[Start of Attachment]

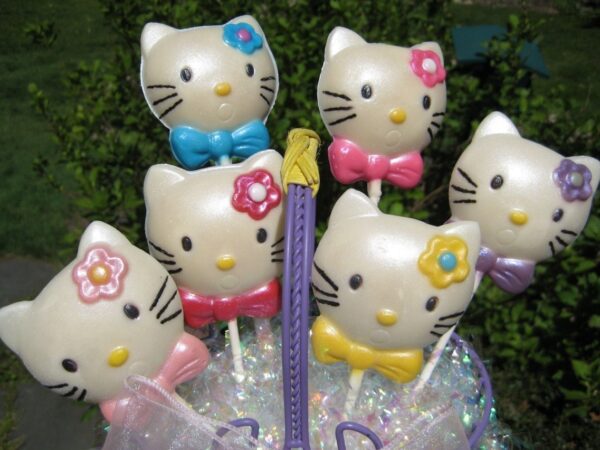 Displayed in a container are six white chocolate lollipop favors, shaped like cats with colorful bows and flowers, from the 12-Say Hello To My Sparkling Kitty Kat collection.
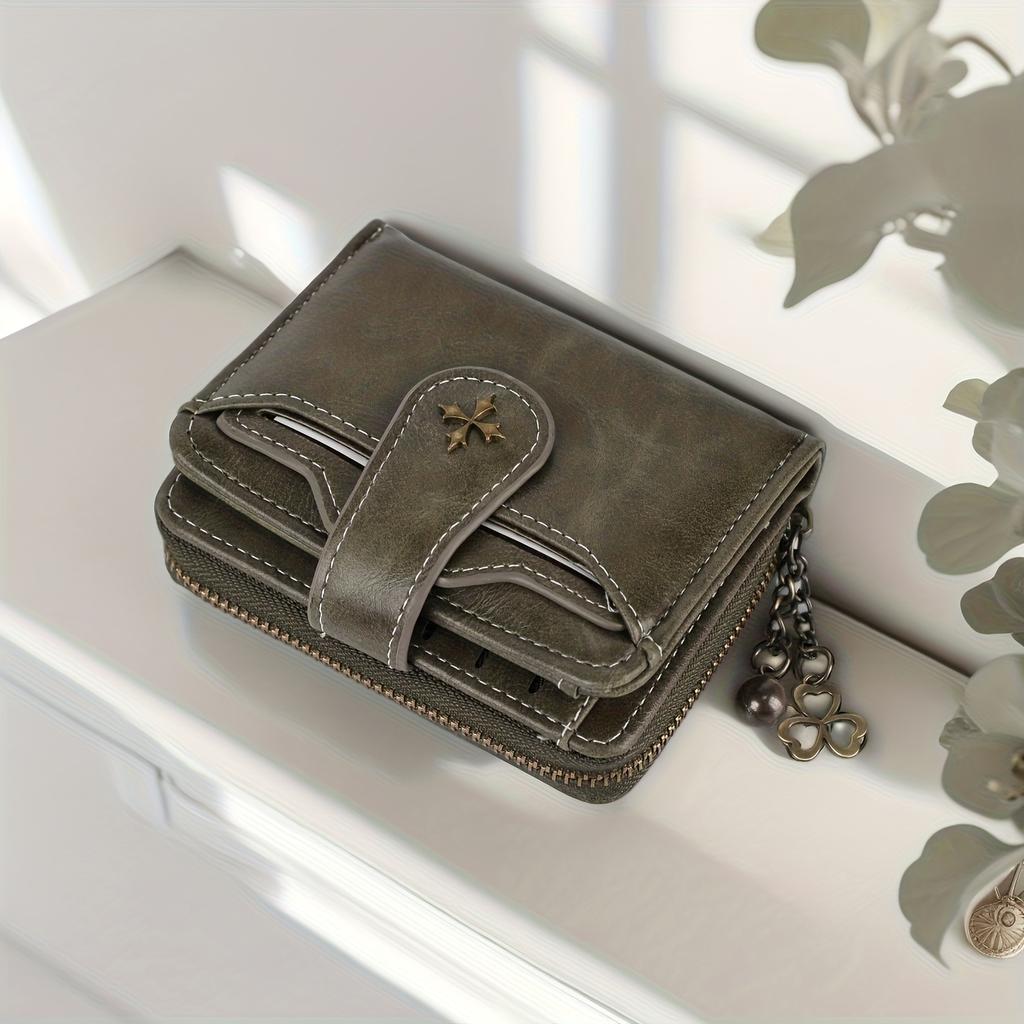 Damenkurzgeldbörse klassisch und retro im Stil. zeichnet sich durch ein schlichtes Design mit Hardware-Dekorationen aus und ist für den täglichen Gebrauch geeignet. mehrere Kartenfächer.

[End of Attachment]
[Start of Attachment]

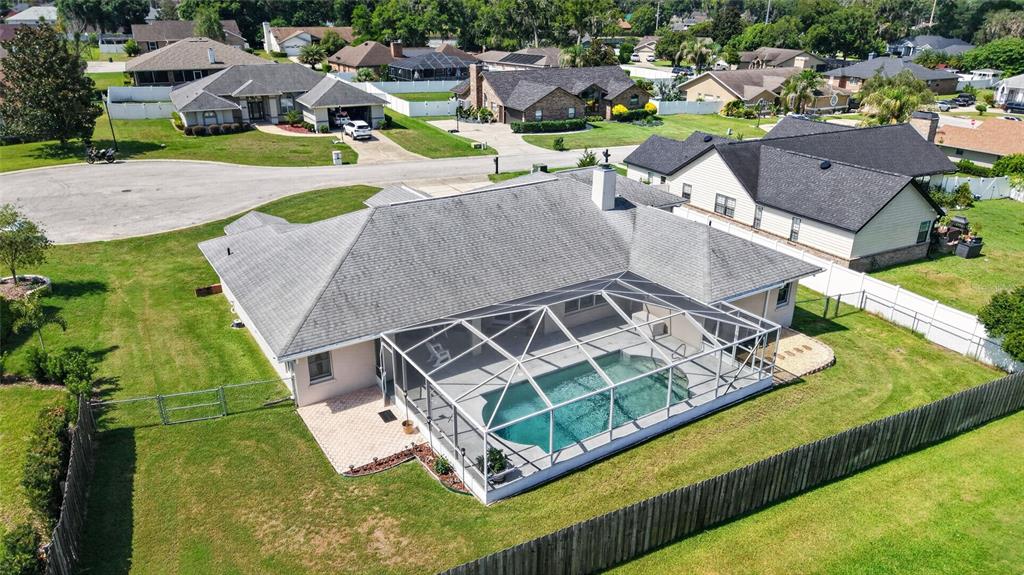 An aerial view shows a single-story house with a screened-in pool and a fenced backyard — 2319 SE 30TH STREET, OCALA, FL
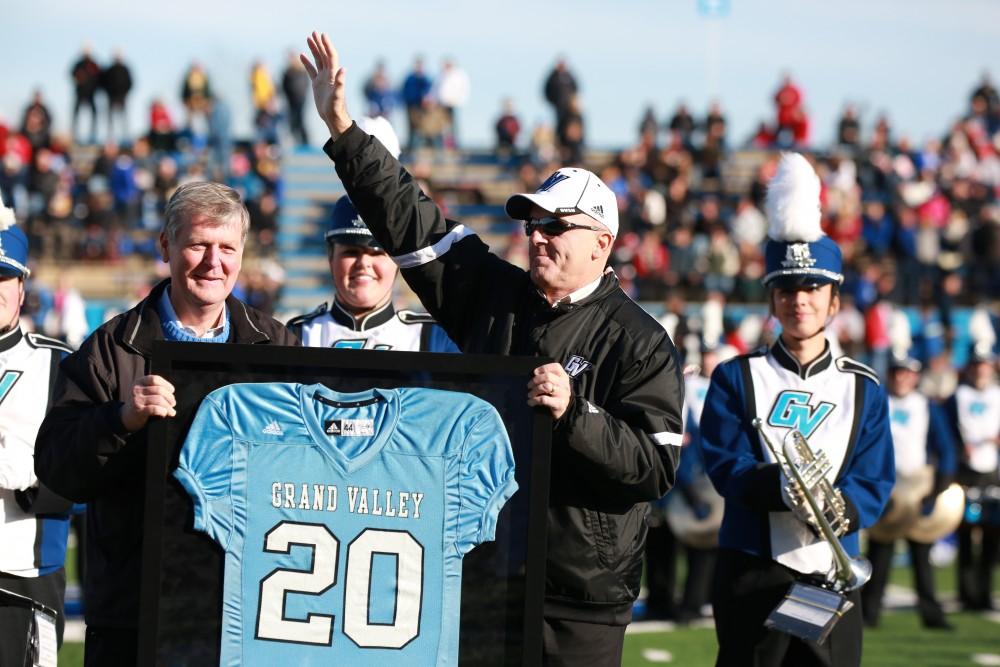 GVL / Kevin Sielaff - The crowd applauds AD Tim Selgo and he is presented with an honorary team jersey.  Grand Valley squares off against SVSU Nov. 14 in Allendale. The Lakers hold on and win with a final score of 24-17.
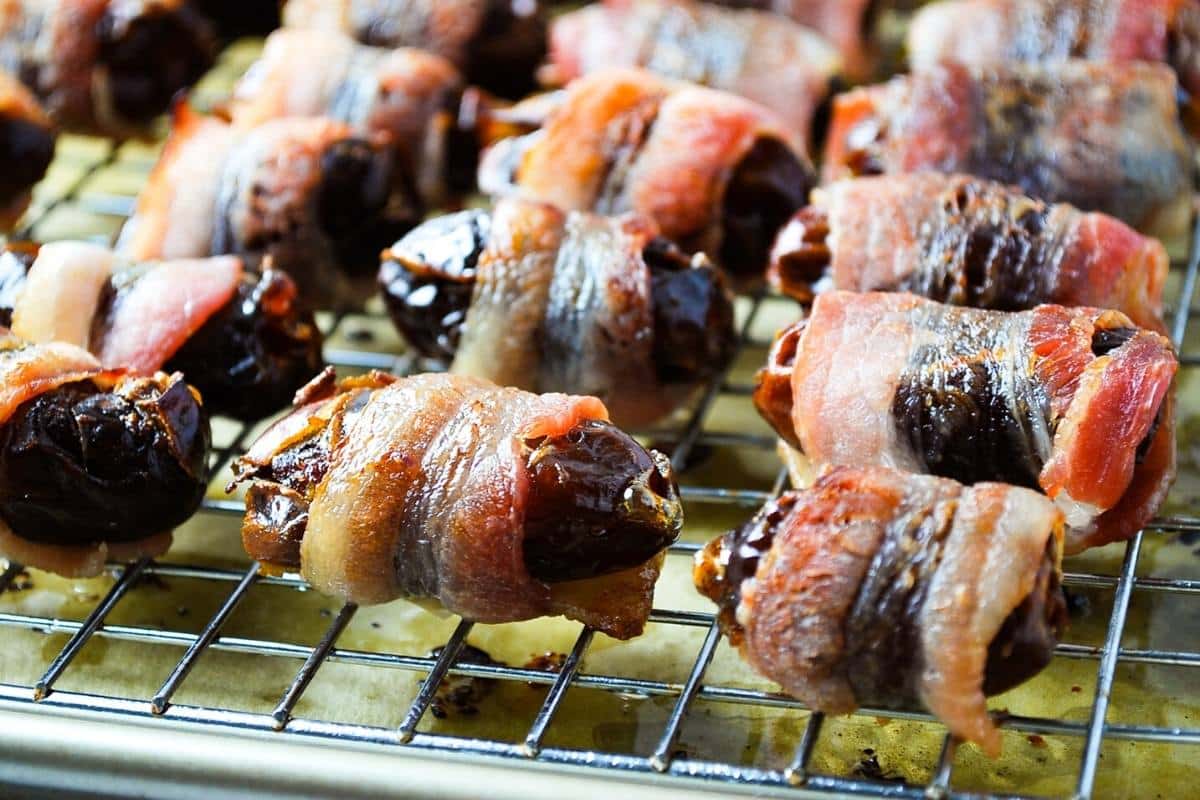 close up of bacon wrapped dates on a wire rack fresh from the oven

[End of Attachment]

- Work required: Retype only the lines above from the one with "An aerial view" through the one with "close up of", exactly and with both ends. Images stay out.

- Result for this exercise:
 An aerial view shows a single-story house with a screened-in pool and a fenced backyard — 2319 SE 30TH STREET, OCALA, FL
 GVL / Kevin Sielaff - The crowd applauds AD Tim Selgo and he is presented with an honorary team jersey.  Grand Valley squares off against SVSU Nov. 14 in Allendale. The Lakers hold on and win with a final score of 24-17.
 close up of bacon wrapped dates on a wire rack fresh from the oven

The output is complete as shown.